Segment Start: DATA
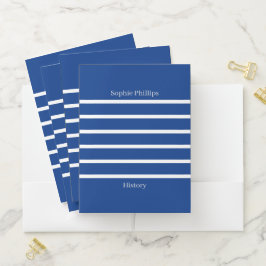 Modern Blue & White Rand Namn & Subjekt Anpassning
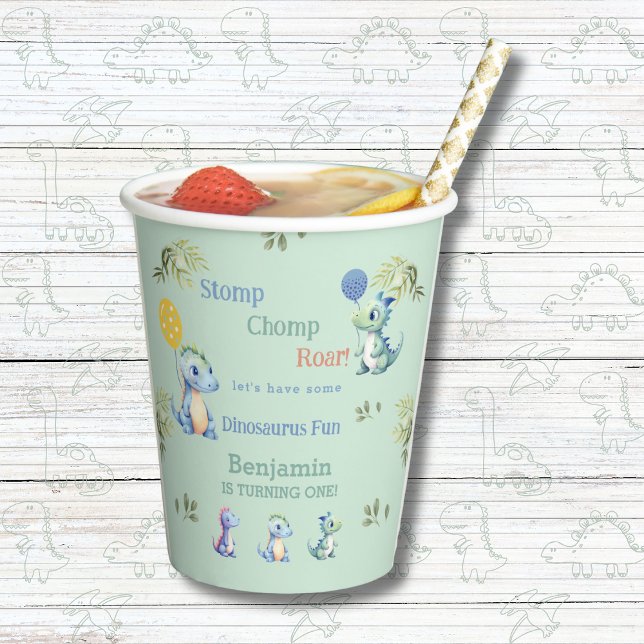 Cute Green Baby Boy Dinosaur 1st Birthday Party Paper Cups (Creator Uploaded)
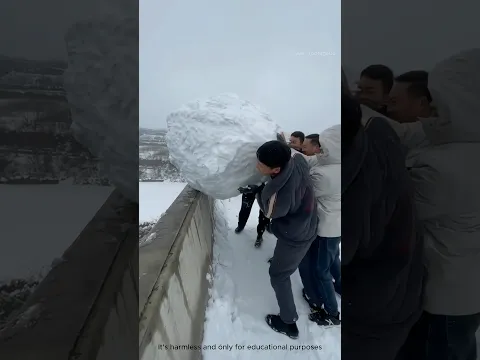 Big Ice Drop Shocks Everyone 🌊❄️ || But the Rock Ruins It! 💔 #shorts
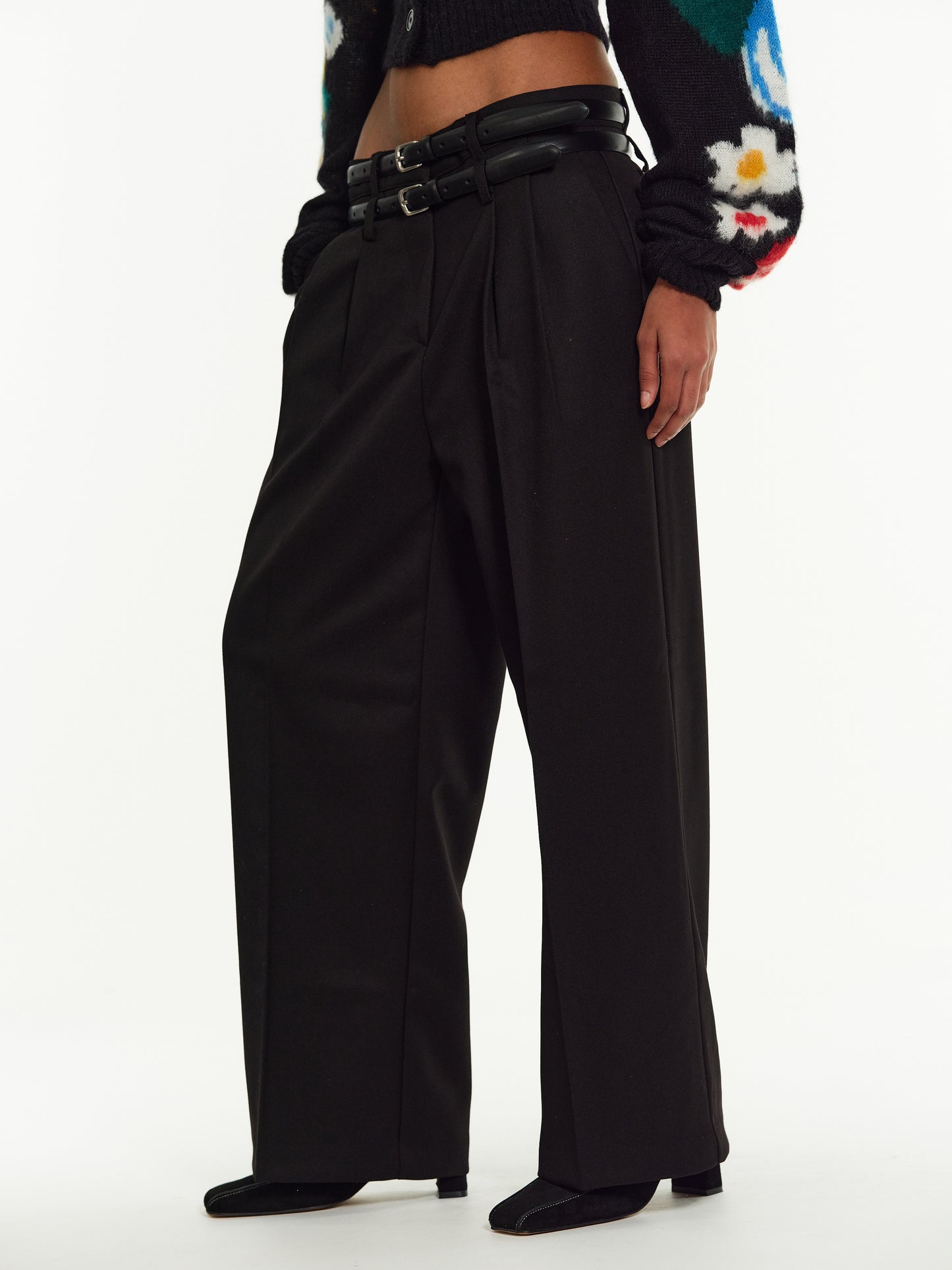 Double Belt Loop Trousers, Black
Segment End: DATA
Please output all of the data exactly as given, omitting any images it holds.

(REPLY):
 Modern Blue & White Rand Namn & Subjekt Anpassning
 Cute Green Baby Boy Dinosaur 1st Birthday Party Paper Cups (Creator Uploaded)
 Big Ice Drop Shocks Everyone 🌊❄️ || But the Rock Ruins It! 💔 #shorts
 Double Belt Loop Trousers, Black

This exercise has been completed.